▶ **Exercise details**: Reproduce all of the records exactly.
(Exercise data begins)
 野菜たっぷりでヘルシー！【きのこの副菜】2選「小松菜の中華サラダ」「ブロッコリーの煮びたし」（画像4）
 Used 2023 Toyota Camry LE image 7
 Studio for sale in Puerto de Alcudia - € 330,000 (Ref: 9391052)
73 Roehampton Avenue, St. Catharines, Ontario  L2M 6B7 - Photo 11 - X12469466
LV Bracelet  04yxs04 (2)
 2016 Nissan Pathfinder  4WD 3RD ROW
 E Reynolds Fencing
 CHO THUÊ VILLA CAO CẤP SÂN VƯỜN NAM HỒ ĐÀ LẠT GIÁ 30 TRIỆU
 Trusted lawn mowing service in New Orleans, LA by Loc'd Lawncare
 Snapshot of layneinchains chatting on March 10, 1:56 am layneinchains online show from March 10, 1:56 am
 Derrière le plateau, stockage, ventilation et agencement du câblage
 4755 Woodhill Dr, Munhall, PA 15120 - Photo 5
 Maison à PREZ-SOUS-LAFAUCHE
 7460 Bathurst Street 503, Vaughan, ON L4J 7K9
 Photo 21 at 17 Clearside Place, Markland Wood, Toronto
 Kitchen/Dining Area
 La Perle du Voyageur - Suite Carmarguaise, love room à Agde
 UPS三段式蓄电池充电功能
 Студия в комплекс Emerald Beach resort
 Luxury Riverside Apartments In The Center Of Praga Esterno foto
(Exercise data ends)
▶ **Answer to the exercise**:
 野菜たっぷりでヘルシー！【きのこの副菜】2選「小松菜の中華サラダ」「ブロッコリーの煮びたし」（画像4）
 Used 2023 Toyota Camry LE image 7
 Studio for sale in Puerto de Alcudia - € 330,000 (Ref: 9391052)
73 Roehampton Avenue, St. Catharines, Ontario  L2M 6B7 - Photo 11 - X12469466
LV Bracelet  04yxs04 (2)
 2016 Nissan Pathfinder  4WD 3RD ROW
 E Reynolds Fencing
 CHO THUÊ VILLA CAO CẤP SÂN VƯỜN NAM HỒ ĐÀ LẠT GIÁ 30 TRIỆU
 Trusted lawn mowing service in New Orleans, LA by Loc'd Lawncare
 Snapshot of layneinchains chatting on March 10, 1:56 am layneinchains online show from March 10, 1:56 am
 Derrière le plateau, stockage, ventilation et agencement du câblage
 4755 Woodhill Dr, Munhall, PA 15120 - Photo 5
 Maison à PREZ-SOUS-LAFAUCHE
 7460 Bathurst Street 503, Vaughan, ON L4J 7K9
 Photo 21 at 17 Clearside Place, Markland Wood, Toronto
 Kitchen/Dining Area
 La Perle du Voyageur - Suite Carmarguaise, love room à Agde
 UPS三段式蓄电池充电功能
 Студия в комплекс Emerald Beach resort
 Luxury Riverside Apartments In The Center Of Praga Esterno foto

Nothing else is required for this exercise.